Oui, enfin il y a toujours eu des tensions vu qu'il nous trahissait
tout le temps , malgré cela la grève a duré 30 jours. Le syndicat nous
mettait des bâtons dans les roues continuellement et l'État n'a pas répondu aux
demandes de réintégrations des salariés licenciés. En bref on devait lutter contre l'État, le
patron et les traîtres du syndicat.
Et comment se sont déroulés les événements après l'annonce des
licenciements ?
Le 18 août, après l'annonce des licenciements commence la grève,
avec des piquets de grève, on coupe les routes, cela dure plus de 30 jours,
jusqu'au 15 octobre , jour de la répression brutale qui a lieu dans
l'usine, pour déloger les travailleurs de là, seule façon d'arrêter la
grève. Du coup ils ont rempli l'usine de policiers anti-émeutes, ils l'ont militarisée.
Et à partir de ce moment , il a fallu retourner au travail ?
Oui, l'usine fonctionne de nouveau avec la police dans l'usine
pour éviter tout « trouble », imagine-toi un peu la rage et la
peur des camarades qui devaient travailler avec les flics dans leur dos.
S'ajoute à cela une rupture interne à la commission des travailleurs dont
certains délégués élus par les camarades, appartenant à des partis
politiques nous trahissent et signent des accords contraires aux décisions
de l'assemblée des travailleurs. Parmi ces accords, un « accord de paix
sociale » de deux mois avec le Ministère du travail, ce qui mettait tous
les camarades qui voulaient continuer la lutte dans l'illégalité, ce qu'on a
fait, en rompant cet accord et en luttant pour les réintégrations des ouvriers licenciés.
Là les négociations avec le Ministère du travail ont repris, mais nous n'en
espérons rien de bon, on sait bien ce qu'ils leur convient à eux, vu qu'il
sont contre toute organisation de base de travailleurs...
Et maintenant le travail continue avec la police dans l'usine ?
Non, la situation s'est stabilisée mais la Direction s'est organisé pour contrôler les travailleurs. Ils ont mis des caméras de surveillance partout pour empêcher les
camarades de discuter entres eux, en augmentant le rythme de production et
diminuant les pauses afin que l'on ne s'organise pas de nouveau à
l'intérieur de l'usine.
Et malgré tout cela vous continuez à vous réunir et vous organiser ?
Oui malgré tout cela on a élu de nouveaux délégués et on veut lancer
une nouvelle grève, s'organiser de l'intérieur de l'usine, couper les
routes, faire ce qu'on peut pour continuer la lutte.
Et comment vous voulez vous organiser maintenant ?

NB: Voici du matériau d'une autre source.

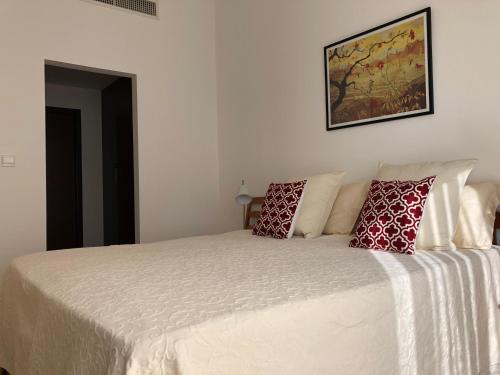 Postel nebo postele na pokoji v ubytování Rimal Retreat by JS - Deluxe 1 BD Apartment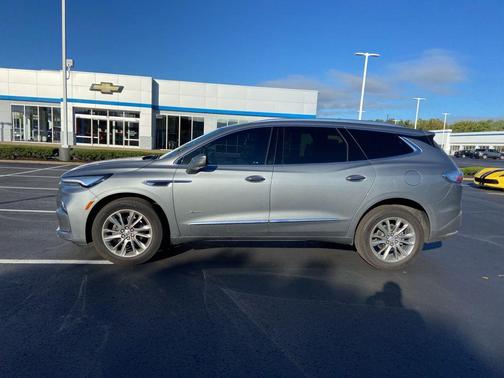 2024 Buick Enclave Avenir AWD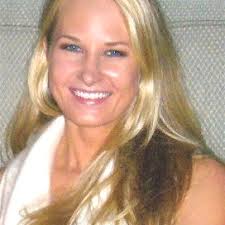 Julia Nell Email & Phone Number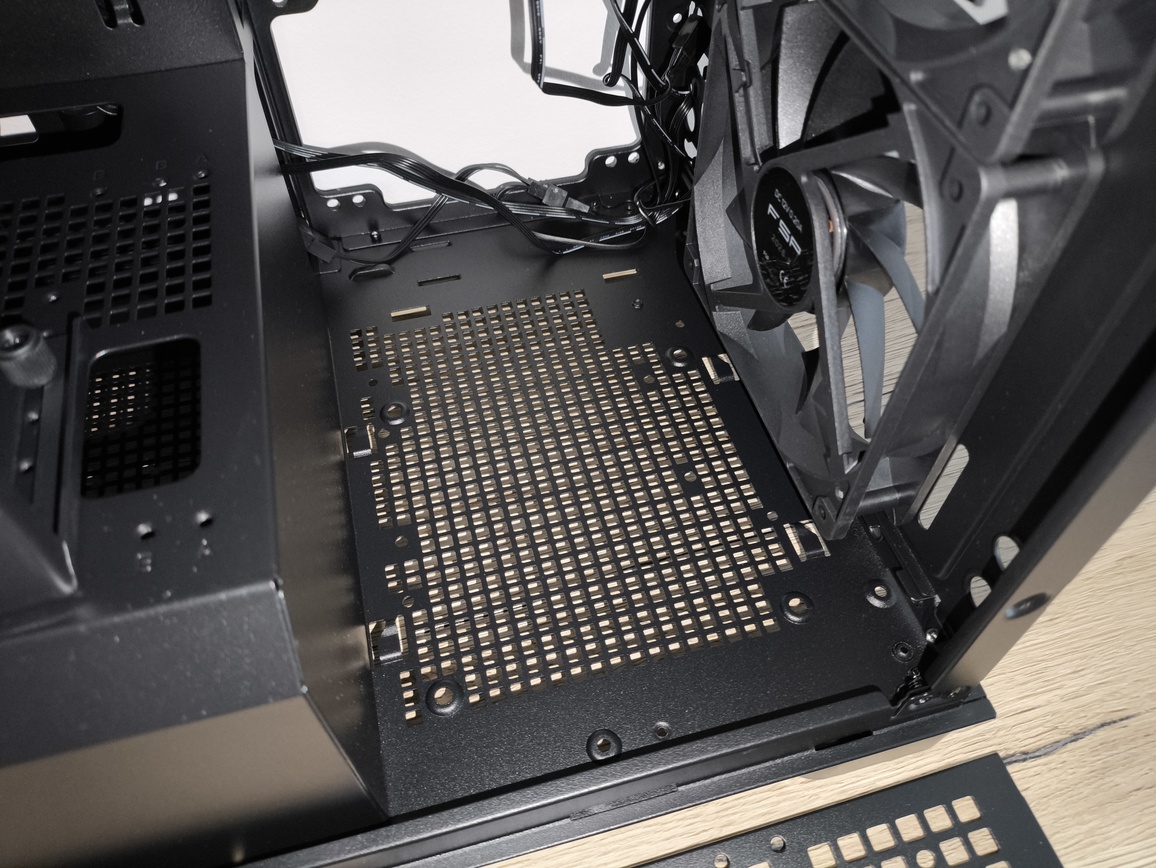 FSP / Fortron U500 - test bardzo minimalistycznej z wyglądu ale też bardzo pojemnej w środku obudowy Full Tower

On veut rien savoir du syndicat de l'alimentation, on n'aspire pas
non plus à en créer un autre syndicat. On veut s'organiser à partir de la base, avec une
assemblée de travailleurs.
J'ai remarqué que vous receviez beaucoup d'appuis, il y a eu
plusieurs actions organisées pour les grévistes de Kraft-Terabusi, comment vous gérez ces
appuis externes ?
On va chercher ces appuis où ils nous semble juste de le faire, pour
récolter une caisse de grève. Grâce à cette solidarité on a pu faire
grève si longtemps.
La même chose pour le jour de l'intervention des Policiers anti-émeutes, cela a été si violent qu'il y eu
beaucoup de mobilisation.
Aujourd'hui le climat est tendu dans l'usine, beaucoup ont peur de se faire
virer, mais on essaye de relancer le conflit.
Nico, toi tu as été licencié par Kraft à cause de ton engagement
dans la grève ?
Moi j'ai été présent le jour de l'intervention policière. J'ai résisté aux
attaques et après cela ils m'ont suspendu avec 35 camarades, en plus des 160. Des 35 ils en ont finalement réintégrer 28 et en ont viré 8, dont moi, clairement pour
avoir résisté m'être mobilisé durant la grève.
Propos recueillis par Judith (Mandatée SI de la CNT pour l'Argentine).